→ Exercise:
The answer should be the exact lines from the line containing "en tu hogar" through the last line of the material below, with no pictures.

→ Collected data:

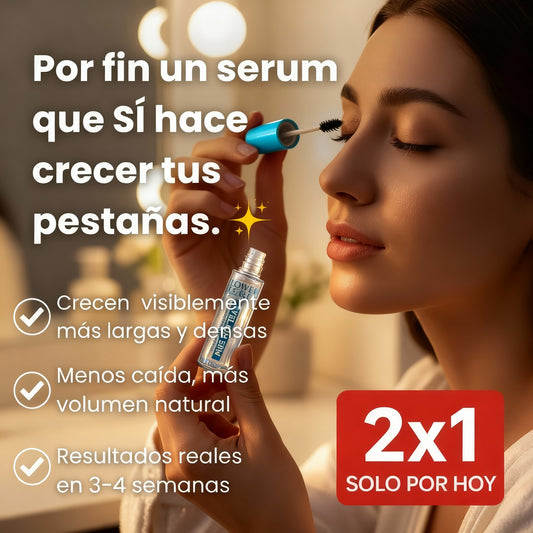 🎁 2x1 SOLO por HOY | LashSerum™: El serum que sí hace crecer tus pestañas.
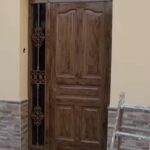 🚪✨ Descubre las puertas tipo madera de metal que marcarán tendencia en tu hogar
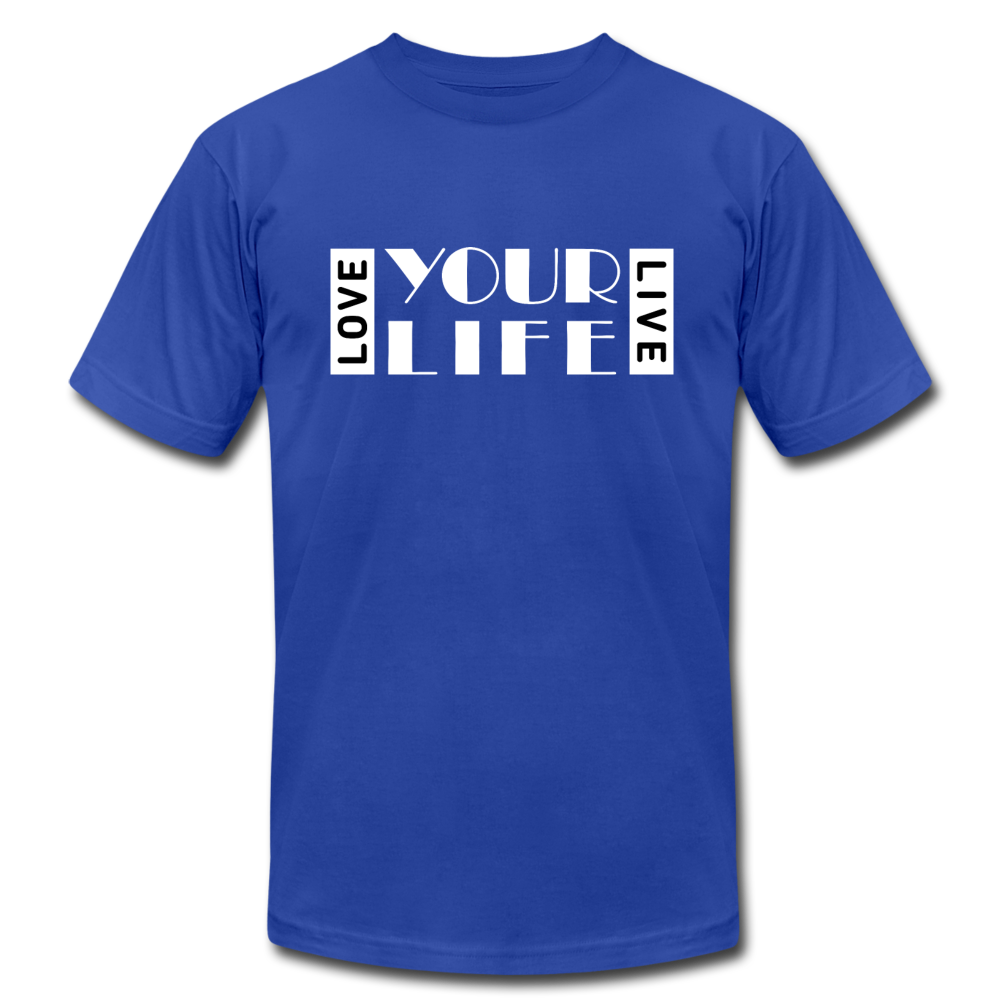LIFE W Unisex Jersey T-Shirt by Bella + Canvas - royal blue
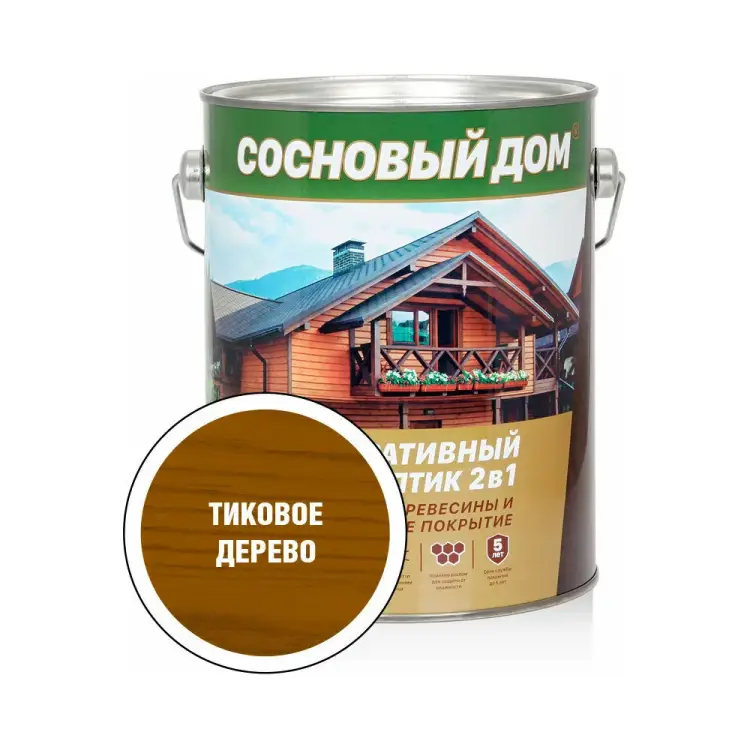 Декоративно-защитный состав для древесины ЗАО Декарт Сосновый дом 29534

→ Exercise response:
 🚪✨ Descubre las puertas tipo madera de metal que marcarán tendencia en tu hogar
LIFE W Unisex Jersey T-Shirt by Bella + Canvas - royal blue
 Декоративно-защитный состав для древесины ЗАО Декарт Сосновый дом 29534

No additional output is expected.